Que hay disgustos para todos los gustos, eso ya lo sabemos, Lutxo, viejo gnomo. Eso, el ser humano lo ha sabido desde siempre. Desde antes de bajar del árbol. No obstante, la gente ahora no para. No entiendo qué está pasando: todo el mundo quiere viajar. Uno me dice que ha estado en Viena y que, de inmediato, se va a Lanzarote. De inmediato me voy a Lanzarote, afirma, asintiéndose a sí mismo. Otra me cuenta que acaba de llegar de Estocolmo y que ya ha comprado, antes de que se acaben, los billetes para Estambul. O viceversa. Los de más allá estuvieron la semana pasada en no sé qué islas bálticas y la semana que viene se van a las Maldivas o a las Azores, me da igual. La mayoría jubilados, claro. No todos, pero casi. Jubiladas y jubilados jubilosos a los que les encanta viajar.

Porque viajar es maravilloso. Y se adquiere cultura: se aprende mucho. Pues eso, que estamos un día más ahí, Lucho y yo, en la terraza del Torino y, de repente, sin previo aviso, me pregunta si me apetecería acompañarle a Malasia, ida y vuelta en seis días, todo organizado, incluidas las excursiones, el guía y el agua mineral. Así que le digo: Hay mucho desasosiego, Lutxo.

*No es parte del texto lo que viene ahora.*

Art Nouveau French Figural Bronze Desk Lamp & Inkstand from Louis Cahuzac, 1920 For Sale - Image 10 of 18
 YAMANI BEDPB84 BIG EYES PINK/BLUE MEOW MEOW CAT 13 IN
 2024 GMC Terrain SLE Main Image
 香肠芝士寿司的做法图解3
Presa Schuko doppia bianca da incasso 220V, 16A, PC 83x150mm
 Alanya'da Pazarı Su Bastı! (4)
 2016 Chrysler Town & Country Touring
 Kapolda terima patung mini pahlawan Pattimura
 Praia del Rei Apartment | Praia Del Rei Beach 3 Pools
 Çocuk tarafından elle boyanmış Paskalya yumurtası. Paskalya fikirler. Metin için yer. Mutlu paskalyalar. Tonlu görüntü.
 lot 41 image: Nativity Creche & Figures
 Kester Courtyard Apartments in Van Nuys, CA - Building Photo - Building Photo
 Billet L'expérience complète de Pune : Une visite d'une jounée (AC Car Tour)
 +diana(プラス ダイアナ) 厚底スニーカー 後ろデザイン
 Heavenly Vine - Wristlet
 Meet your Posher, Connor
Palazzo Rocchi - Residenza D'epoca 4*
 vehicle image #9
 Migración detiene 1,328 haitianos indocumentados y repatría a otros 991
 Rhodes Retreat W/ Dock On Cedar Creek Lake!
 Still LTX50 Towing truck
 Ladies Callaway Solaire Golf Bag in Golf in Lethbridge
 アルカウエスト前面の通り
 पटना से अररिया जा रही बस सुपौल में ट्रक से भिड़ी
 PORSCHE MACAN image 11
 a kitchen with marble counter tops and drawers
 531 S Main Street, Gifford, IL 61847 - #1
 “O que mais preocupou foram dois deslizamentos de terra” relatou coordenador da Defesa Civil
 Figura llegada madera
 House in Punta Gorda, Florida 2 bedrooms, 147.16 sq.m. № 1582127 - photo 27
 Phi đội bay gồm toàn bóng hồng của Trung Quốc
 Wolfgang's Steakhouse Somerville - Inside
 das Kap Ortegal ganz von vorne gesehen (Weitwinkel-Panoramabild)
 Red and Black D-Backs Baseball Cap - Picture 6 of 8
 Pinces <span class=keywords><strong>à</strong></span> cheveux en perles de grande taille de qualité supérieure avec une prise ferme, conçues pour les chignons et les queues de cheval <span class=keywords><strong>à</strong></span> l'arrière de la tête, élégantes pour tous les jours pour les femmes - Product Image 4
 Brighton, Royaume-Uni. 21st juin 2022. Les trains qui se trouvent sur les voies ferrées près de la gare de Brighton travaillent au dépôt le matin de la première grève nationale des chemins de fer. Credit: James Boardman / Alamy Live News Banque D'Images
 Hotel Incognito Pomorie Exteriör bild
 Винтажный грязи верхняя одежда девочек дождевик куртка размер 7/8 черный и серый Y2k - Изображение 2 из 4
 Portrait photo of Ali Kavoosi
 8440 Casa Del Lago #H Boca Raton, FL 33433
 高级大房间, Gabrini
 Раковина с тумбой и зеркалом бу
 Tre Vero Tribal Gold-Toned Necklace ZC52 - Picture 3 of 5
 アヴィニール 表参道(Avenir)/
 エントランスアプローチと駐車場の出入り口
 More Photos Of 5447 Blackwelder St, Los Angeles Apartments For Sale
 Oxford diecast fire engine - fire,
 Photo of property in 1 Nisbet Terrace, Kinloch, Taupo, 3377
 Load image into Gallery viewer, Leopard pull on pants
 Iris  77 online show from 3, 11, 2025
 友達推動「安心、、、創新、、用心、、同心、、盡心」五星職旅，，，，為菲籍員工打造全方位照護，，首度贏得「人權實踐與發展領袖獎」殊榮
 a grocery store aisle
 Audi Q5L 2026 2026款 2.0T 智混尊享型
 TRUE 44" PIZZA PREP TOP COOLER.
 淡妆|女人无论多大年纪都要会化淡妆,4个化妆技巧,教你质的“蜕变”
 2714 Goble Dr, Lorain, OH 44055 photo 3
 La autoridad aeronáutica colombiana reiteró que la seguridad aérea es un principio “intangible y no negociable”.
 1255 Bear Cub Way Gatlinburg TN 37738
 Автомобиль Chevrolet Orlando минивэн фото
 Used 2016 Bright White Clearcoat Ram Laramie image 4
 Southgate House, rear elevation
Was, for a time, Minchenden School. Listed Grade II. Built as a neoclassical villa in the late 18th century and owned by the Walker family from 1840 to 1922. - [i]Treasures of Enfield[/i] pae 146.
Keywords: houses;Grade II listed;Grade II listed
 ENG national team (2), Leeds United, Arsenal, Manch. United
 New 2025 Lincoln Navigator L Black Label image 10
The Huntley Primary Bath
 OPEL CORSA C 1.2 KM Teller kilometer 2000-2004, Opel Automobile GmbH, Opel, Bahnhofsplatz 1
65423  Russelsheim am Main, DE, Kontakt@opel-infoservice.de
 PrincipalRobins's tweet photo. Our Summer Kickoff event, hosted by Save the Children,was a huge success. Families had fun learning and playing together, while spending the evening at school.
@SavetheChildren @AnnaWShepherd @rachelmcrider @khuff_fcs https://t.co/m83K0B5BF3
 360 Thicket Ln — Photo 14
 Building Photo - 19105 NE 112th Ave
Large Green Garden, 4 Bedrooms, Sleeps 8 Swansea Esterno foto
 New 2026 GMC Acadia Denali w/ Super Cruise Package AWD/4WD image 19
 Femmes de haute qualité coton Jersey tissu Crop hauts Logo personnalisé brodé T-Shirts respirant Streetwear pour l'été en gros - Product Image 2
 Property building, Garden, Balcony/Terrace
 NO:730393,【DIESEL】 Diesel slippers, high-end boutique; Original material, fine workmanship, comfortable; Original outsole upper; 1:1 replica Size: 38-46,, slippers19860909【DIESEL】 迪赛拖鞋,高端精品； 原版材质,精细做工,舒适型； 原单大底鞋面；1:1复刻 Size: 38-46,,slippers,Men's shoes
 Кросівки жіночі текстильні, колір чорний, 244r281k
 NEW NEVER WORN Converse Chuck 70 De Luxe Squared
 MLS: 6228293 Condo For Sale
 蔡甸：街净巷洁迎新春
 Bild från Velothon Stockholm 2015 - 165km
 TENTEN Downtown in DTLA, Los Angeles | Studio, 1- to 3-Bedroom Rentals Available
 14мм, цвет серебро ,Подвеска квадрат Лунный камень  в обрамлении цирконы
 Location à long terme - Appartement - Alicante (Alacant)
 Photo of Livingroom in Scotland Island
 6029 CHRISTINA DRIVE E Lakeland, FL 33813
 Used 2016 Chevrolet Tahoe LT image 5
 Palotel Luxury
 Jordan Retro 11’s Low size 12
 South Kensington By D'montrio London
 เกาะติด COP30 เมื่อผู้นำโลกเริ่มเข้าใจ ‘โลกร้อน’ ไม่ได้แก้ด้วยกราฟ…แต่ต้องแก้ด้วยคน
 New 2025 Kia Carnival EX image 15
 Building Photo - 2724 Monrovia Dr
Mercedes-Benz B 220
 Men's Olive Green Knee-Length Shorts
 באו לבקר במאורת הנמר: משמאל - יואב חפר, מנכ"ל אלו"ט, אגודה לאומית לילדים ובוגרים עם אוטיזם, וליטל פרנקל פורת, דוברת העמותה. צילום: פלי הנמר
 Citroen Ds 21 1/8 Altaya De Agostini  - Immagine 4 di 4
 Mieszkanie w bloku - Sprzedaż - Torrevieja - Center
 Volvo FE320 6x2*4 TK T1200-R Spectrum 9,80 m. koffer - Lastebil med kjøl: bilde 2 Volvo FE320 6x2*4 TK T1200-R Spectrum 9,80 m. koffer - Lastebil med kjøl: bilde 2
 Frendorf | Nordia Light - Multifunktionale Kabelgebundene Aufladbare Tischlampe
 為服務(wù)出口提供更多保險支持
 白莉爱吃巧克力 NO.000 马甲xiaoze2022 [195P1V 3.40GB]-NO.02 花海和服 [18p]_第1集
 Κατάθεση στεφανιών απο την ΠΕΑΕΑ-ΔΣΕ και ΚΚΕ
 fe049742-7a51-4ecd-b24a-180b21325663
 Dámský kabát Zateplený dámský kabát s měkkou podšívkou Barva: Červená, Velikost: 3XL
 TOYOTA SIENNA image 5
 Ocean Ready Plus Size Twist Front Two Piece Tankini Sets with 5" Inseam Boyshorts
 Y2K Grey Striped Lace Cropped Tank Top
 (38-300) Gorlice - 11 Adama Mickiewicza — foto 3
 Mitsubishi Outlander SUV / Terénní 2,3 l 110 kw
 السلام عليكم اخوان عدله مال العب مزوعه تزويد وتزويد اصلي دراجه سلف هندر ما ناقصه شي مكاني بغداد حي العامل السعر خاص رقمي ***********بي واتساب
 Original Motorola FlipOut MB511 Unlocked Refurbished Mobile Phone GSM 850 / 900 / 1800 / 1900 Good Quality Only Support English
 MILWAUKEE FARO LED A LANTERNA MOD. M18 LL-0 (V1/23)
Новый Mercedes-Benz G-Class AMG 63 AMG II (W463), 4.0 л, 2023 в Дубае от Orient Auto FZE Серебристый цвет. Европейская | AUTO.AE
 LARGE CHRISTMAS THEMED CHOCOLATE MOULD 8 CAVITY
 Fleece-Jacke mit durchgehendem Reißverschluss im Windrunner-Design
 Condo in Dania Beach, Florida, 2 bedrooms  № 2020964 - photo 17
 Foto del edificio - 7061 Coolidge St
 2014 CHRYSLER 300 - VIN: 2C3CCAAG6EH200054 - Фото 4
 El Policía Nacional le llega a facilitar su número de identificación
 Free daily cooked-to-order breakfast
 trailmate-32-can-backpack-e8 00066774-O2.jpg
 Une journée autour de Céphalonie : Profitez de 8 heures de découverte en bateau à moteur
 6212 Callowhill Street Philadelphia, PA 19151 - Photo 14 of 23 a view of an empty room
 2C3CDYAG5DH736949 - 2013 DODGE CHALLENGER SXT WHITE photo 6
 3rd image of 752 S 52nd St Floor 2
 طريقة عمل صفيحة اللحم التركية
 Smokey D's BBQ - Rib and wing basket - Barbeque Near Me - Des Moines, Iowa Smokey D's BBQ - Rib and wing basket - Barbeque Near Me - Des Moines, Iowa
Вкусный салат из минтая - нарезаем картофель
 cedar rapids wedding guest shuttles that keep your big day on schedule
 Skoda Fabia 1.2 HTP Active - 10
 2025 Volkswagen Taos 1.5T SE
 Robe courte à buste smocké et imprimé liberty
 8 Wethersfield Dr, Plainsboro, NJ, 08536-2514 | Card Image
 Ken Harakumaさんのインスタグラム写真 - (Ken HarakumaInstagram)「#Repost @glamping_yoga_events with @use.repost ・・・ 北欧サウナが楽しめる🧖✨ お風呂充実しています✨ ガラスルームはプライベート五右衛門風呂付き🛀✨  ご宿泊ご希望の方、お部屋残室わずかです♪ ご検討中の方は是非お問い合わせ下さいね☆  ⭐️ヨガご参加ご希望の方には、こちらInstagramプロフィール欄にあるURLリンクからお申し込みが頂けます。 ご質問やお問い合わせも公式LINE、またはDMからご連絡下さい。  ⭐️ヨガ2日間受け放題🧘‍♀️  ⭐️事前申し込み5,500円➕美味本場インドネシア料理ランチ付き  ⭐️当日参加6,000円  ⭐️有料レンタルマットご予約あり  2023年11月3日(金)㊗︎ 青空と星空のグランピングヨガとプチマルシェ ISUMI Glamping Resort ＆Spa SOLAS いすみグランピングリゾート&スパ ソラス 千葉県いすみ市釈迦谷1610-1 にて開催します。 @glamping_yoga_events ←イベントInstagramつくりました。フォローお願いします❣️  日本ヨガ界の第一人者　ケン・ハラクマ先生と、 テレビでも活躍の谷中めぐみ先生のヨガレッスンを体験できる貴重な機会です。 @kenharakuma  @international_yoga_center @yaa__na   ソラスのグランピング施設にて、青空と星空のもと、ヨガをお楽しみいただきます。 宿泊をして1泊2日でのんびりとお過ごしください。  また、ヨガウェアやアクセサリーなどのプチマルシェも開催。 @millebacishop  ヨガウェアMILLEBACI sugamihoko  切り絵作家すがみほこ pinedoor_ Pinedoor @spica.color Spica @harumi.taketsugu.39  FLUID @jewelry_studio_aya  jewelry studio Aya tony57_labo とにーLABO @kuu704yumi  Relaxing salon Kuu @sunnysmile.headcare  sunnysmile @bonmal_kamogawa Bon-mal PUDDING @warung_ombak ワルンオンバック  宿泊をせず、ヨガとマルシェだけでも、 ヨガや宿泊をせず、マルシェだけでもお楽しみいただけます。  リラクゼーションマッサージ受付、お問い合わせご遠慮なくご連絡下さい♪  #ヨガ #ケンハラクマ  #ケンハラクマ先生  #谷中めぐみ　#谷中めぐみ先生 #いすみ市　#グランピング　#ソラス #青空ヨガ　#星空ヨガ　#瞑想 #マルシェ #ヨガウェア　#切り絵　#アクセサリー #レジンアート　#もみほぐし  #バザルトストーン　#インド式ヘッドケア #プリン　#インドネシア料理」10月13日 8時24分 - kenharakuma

Para Marcuse la idea de calma debía tener un contenido revolucionario ya que supone la liberación de la ansiedad por consumir que genera y estimula constantemente la forma de vivir contemporánea, también denominada, por consiguiente, consumismo. Y me contesta que la calma es muy aburrida. Que él ya se calmará cuando se muera. Y tiene razón, claro, supongo. La ansiedad y el desasosiego ya estaban presentes en el Big Bang: seguro. Tienen que formar parte de la fórmula original, le digo. Y entonces evoca a Sandokán. Hasta se pone a canturrear la canción de Sandokán. Que para mí es un himno. ¿A quién no le fascinaba Sandokán? Al final, claro, acabo cantándola yo también. Los dos a coro: Sandokán, Sandokán. Qué tiempos.